- _About this exercise_:
Everything from the line with "Silhouetted hiker standing" to the last line of the listing must be retyped exactly, both ends included, with the pictures dropped.

START Available data

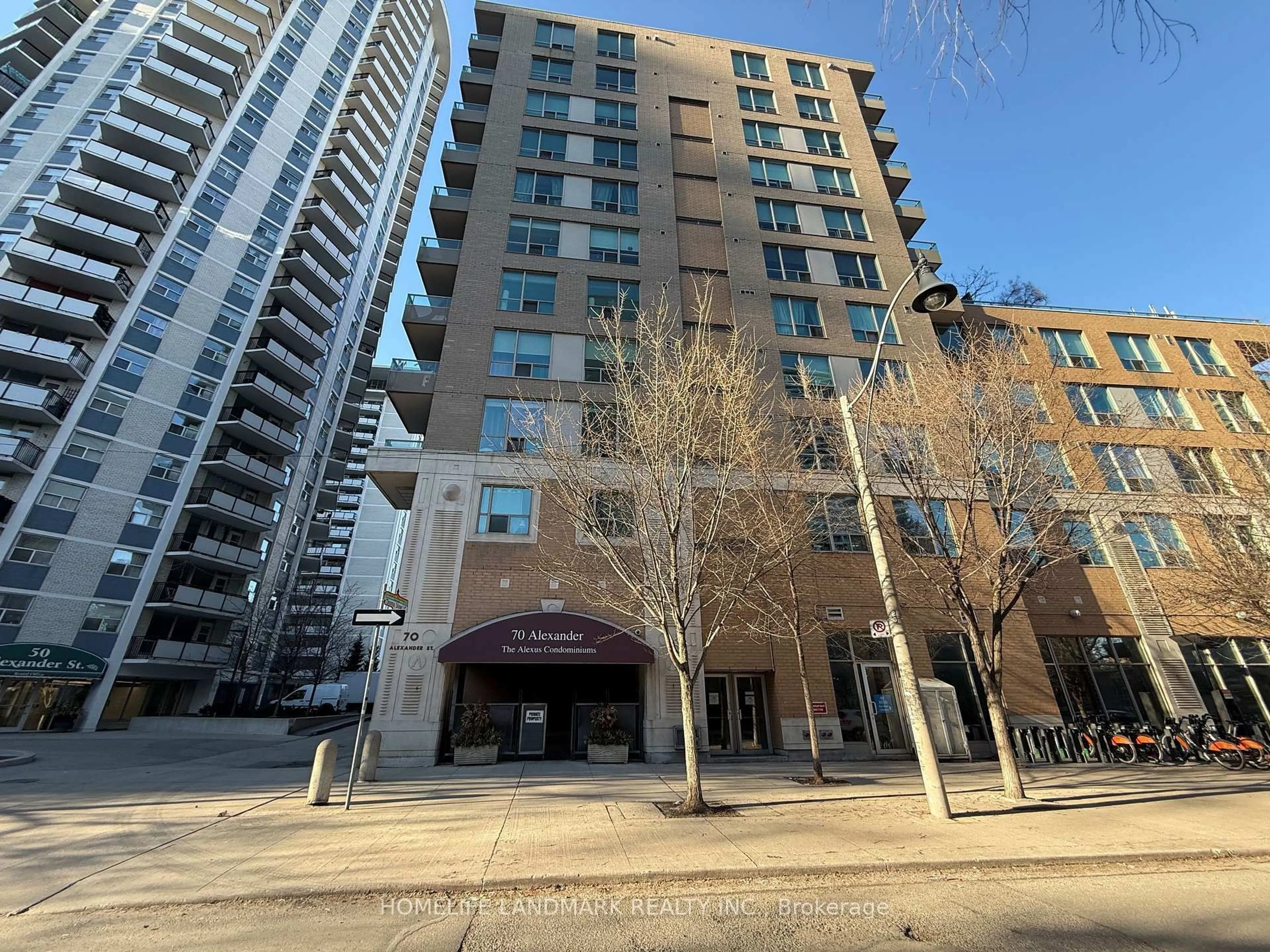A pic from outside/outdoor area/front of a property/back of a property/a pic from drone, unknown for 70 Alexander St #311, Toronto Ontario M4Y 3B6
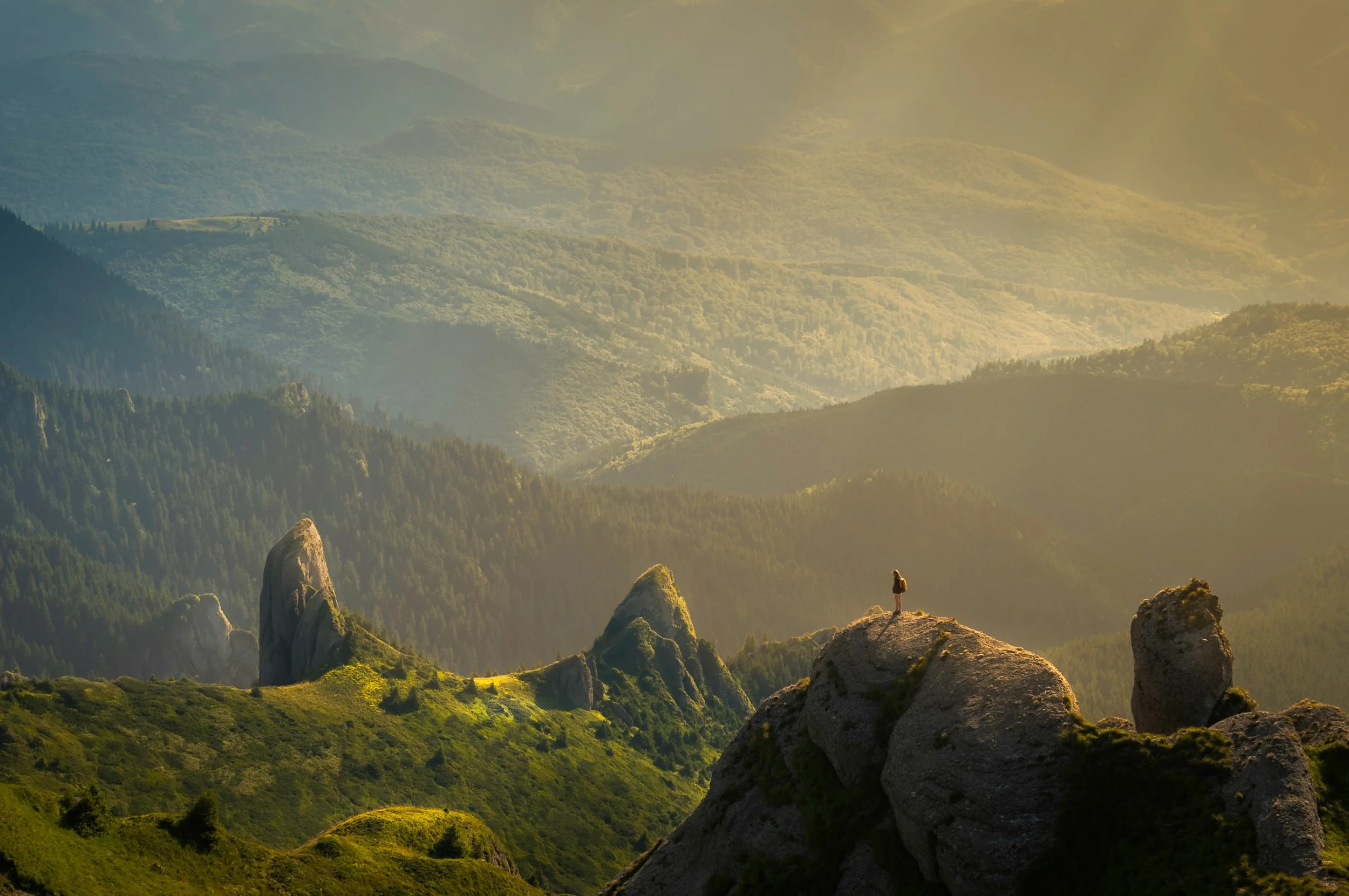 Silhouetted hiker standing on a rock ledge overlooking a lush mountain range at sunrise. A symbol of perspective, self-discovery, and the journey of healing through therapy.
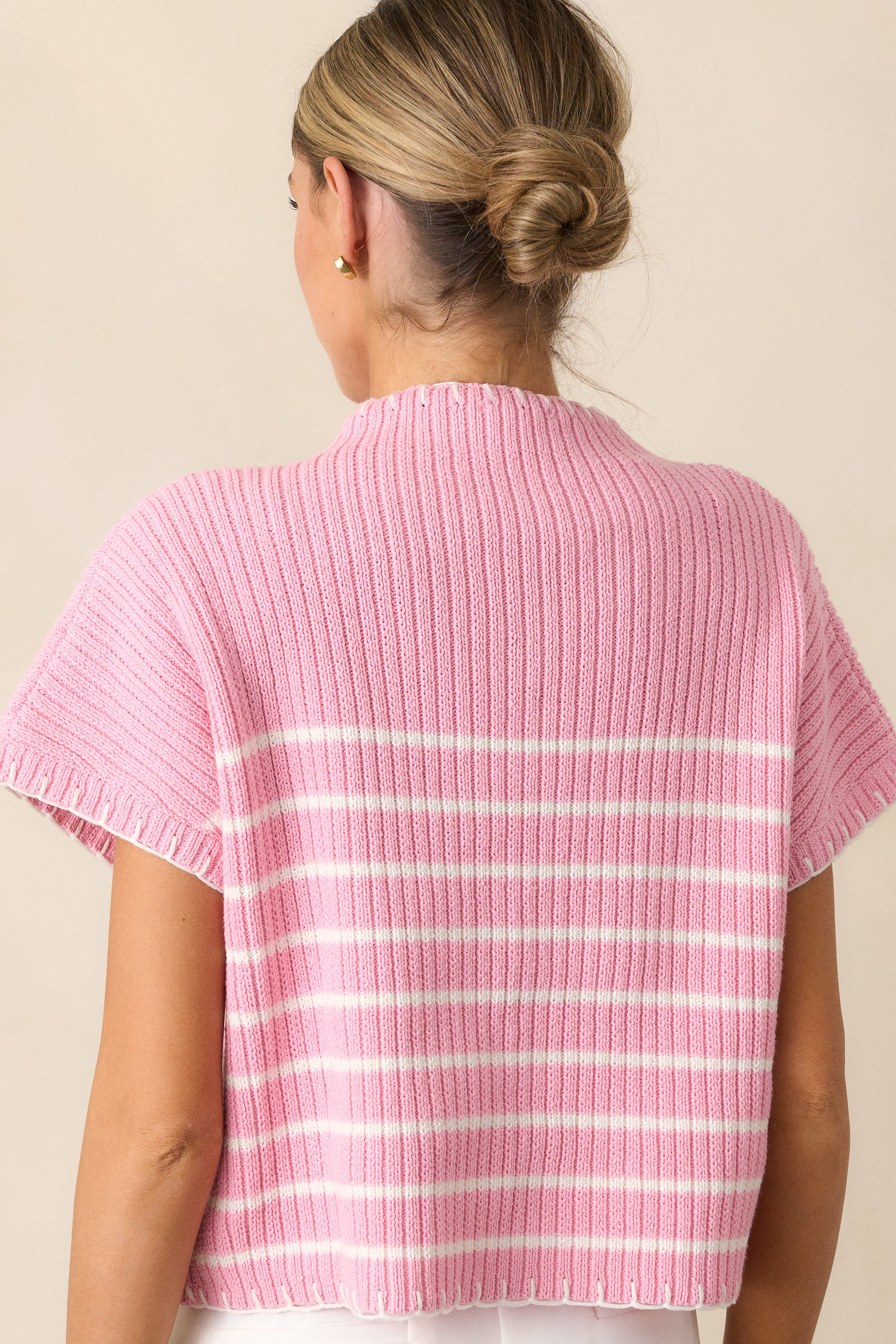 A back view of the pink sweater, highlighting its seamless construction and clean design with white whipstitch accents.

END Available data

- _Exercise solution_:
 Silhouetted hiker standing on a rock ledge overlooking a lush mountain range at sunrise. A symbol of perspective, self-discovery, and the journey of healing through therapy.
 A back view of the pink sweater, highlighting its seamless construction and clean design with white whipstitch accents.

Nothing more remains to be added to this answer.